AIM OF THE EXERCISE:
Can you return the records below exactly as they stand, but only from the first line through the one with "Residential Composite Replacement"?

RECORDS FOR PROCESSING:
◇ ◇ ◇

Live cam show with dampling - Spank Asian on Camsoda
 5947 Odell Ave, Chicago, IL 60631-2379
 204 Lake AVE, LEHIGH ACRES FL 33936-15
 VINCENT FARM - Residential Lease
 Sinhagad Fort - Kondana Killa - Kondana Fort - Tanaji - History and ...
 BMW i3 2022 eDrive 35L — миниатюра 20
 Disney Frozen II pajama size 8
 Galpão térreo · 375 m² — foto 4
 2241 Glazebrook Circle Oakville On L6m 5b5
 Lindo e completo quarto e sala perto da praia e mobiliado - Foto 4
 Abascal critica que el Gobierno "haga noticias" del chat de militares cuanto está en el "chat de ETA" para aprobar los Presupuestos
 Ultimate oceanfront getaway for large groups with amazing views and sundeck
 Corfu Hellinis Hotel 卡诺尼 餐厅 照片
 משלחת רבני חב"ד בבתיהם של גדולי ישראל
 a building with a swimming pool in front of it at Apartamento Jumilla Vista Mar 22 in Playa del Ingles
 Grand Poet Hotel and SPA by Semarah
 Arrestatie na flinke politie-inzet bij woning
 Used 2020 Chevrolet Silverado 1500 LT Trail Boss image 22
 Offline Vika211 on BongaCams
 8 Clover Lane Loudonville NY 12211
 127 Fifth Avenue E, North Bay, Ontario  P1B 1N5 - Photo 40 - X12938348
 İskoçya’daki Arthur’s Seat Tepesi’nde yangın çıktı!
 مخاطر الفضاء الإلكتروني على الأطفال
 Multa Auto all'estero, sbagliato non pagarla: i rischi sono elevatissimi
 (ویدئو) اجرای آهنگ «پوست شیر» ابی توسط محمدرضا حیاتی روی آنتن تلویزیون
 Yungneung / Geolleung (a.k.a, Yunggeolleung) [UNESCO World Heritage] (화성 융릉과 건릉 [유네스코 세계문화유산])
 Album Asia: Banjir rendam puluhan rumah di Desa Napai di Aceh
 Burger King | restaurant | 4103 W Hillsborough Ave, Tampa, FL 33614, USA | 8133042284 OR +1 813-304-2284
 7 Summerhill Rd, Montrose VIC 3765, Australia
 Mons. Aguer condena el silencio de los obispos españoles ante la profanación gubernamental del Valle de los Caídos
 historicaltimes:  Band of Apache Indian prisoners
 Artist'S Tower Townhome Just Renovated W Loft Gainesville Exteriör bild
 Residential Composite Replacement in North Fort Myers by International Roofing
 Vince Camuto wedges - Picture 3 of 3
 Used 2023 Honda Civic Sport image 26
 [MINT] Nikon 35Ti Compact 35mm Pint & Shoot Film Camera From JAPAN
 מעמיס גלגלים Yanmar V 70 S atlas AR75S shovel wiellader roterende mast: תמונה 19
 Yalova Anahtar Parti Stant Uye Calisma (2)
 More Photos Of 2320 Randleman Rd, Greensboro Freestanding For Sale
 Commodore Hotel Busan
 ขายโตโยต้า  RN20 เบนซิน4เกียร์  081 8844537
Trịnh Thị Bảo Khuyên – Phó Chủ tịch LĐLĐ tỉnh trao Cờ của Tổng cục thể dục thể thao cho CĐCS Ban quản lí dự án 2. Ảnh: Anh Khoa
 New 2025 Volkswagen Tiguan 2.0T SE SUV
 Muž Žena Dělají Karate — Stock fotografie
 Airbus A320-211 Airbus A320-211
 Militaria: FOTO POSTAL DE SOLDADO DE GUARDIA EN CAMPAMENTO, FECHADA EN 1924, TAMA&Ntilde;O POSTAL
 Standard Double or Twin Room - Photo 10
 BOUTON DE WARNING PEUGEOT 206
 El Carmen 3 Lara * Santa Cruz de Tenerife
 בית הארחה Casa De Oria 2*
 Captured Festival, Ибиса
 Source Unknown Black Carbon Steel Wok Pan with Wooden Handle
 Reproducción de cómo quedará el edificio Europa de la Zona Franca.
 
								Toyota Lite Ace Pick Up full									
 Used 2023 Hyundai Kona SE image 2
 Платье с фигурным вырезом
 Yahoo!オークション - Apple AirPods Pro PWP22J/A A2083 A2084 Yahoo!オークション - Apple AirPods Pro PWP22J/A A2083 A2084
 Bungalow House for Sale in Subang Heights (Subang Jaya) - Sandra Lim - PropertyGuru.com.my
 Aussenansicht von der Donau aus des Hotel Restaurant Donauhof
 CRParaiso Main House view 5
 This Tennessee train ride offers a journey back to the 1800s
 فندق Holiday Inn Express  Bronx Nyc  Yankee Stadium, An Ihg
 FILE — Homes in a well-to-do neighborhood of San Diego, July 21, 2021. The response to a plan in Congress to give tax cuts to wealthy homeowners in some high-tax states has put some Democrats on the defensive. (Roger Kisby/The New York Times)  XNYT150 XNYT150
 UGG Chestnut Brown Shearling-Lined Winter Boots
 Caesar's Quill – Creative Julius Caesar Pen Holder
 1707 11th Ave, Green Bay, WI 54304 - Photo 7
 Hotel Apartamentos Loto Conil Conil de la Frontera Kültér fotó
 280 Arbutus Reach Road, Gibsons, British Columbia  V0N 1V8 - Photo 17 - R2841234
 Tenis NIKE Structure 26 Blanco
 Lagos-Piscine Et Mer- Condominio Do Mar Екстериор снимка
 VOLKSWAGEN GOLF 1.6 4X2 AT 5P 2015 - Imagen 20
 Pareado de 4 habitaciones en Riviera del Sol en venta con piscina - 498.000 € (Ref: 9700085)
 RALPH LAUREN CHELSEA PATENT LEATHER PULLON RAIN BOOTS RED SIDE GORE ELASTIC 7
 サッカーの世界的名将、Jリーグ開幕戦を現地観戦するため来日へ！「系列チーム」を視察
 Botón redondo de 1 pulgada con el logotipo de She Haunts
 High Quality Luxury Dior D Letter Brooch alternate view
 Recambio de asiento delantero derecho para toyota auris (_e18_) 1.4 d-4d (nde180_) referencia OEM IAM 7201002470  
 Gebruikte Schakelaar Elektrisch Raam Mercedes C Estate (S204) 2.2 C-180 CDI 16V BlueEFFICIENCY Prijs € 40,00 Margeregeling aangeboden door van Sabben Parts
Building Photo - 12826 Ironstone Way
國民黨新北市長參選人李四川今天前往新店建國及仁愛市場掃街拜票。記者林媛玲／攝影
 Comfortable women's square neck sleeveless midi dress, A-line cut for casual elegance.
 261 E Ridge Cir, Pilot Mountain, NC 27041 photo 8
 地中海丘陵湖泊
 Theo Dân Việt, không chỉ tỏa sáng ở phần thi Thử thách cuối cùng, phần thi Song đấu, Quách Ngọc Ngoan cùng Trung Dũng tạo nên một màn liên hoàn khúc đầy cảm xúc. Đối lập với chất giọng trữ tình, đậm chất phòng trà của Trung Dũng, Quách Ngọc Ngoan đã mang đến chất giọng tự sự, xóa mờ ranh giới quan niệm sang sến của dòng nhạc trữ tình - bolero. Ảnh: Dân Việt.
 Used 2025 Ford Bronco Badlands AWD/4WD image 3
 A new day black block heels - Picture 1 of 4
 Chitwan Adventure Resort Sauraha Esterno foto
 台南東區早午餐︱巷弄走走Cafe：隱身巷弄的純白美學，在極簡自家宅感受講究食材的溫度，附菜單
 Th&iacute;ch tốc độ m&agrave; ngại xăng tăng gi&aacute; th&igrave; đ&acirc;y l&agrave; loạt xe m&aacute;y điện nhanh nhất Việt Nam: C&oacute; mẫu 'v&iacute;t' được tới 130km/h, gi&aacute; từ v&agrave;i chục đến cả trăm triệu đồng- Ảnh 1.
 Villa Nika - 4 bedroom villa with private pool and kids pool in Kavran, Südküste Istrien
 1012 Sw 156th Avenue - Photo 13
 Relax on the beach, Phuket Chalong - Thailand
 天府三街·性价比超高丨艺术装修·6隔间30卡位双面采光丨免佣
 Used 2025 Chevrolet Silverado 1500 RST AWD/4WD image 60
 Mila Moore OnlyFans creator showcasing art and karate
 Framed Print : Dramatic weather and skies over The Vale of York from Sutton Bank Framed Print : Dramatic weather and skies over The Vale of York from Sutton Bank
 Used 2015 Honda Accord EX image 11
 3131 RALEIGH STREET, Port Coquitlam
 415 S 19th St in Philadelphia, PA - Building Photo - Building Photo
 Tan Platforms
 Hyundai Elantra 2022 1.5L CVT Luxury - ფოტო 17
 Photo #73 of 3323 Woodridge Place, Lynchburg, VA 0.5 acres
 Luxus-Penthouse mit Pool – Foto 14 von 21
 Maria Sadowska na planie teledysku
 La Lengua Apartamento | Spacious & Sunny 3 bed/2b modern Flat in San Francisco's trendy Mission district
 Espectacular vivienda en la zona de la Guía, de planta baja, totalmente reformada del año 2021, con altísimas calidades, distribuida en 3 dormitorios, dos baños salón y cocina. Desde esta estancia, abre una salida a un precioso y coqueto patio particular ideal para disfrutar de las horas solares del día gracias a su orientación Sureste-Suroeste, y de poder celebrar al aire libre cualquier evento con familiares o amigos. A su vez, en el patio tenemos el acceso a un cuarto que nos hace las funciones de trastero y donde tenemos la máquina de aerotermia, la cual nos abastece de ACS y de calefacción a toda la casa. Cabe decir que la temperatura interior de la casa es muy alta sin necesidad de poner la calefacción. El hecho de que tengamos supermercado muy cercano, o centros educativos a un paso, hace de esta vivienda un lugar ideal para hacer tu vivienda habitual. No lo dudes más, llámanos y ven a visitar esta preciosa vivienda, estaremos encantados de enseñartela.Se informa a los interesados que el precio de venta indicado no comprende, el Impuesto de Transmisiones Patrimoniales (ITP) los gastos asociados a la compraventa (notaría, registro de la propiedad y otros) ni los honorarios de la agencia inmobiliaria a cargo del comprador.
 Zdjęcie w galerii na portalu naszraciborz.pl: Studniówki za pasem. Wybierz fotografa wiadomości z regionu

◇ ◇ ◇

EXERCISE RESULT:
Live cam show with dampling - Spank Asian on Camsoda
 5947 Odell Ave, Chicago, IL 60631-2379
 204 Lake AVE, LEHIGH ACRES FL 33936-15
 VINCENT FARM - Residential Lease
 Sinhagad Fort - Kondana Killa - Kondana Fort - Tanaji - History and ...
 BMW i3 2022 eDrive 35L — миниатюра 20
 Disney Frozen II pajama size 8
 Galpão térreo · 375 m² — foto 4
 2241 Glazebrook Circle Oakville On L6m 5b5
 Lindo e completo quarto e sala perto da praia e mobiliado - Foto 4
 Abascal critica que el Gobierno "haga noticias" del chat de militares cuanto está en el "chat de ETA" para aprobar los Presupuestos
 Ultimate oceanfront getaway for large groups with amazing views and sundeck
 Corfu Hellinis Hotel 卡诺尼 餐厅 照片
 משלחת רבני חב"ד בבתיהם של גדולי ישראל
 a building with a swimming pool in front of it at Apartamento Jumilla Vista Mar 22 in Playa del Ingles
 Grand Poet Hotel and SPA by Semarah
 Arrestatie na flinke politie-inzet bij woning
 Used 2020 Chevrolet Silverado 1500 LT Trail Boss image 22
 Offline Vika211 on BongaCams
 8 Clover Lane Loudonville NY 12211
 127 Fifth Avenue E, North Bay, Ontario  P1B 1N5 - Photo 40 - X12938348
 İskoçya’daki Arthur’s Seat Tepesi’nde yangın çıktı!
 مخاطر الفضاء الإلكتروني على الأطفال
 Multa Auto all'estero, sbagliato non pagarla: i rischi sono elevatissimi
 (ویدئو) اجرای آهنگ «پوست شیر» ابی توسط محمدرضا حیاتی روی آنتن تلویزیون
 Yungneung / Geolleung (a.k.a, Yunggeolleung) [UNESCO World Heritage] (화성 융릉과 건릉 [유네스코 세계문화유산])
 Album Asia: Banjir rendam puluhan rumah di Desa Napai di Aceh
 Burger King | restaurant | 4103 W Hillsborough Ave, Tampa, FL 33614, USA | 8133042284 OR +1 813-304-2284
 7 Summerhill Rd, Montrose VIC 3765, Australia
 Mons. Aguer condena el silencio de los obispos españoles ante la profanación gubernamental del Valle de los Caídos
 historicaltimes:  Band of Apache Indian prisoners
 Artist'S Tower Townhome Just Renovated W Loft Gainesville Exteriör bild
 Residential Composite Replacement in North Fort Myers by International Roofing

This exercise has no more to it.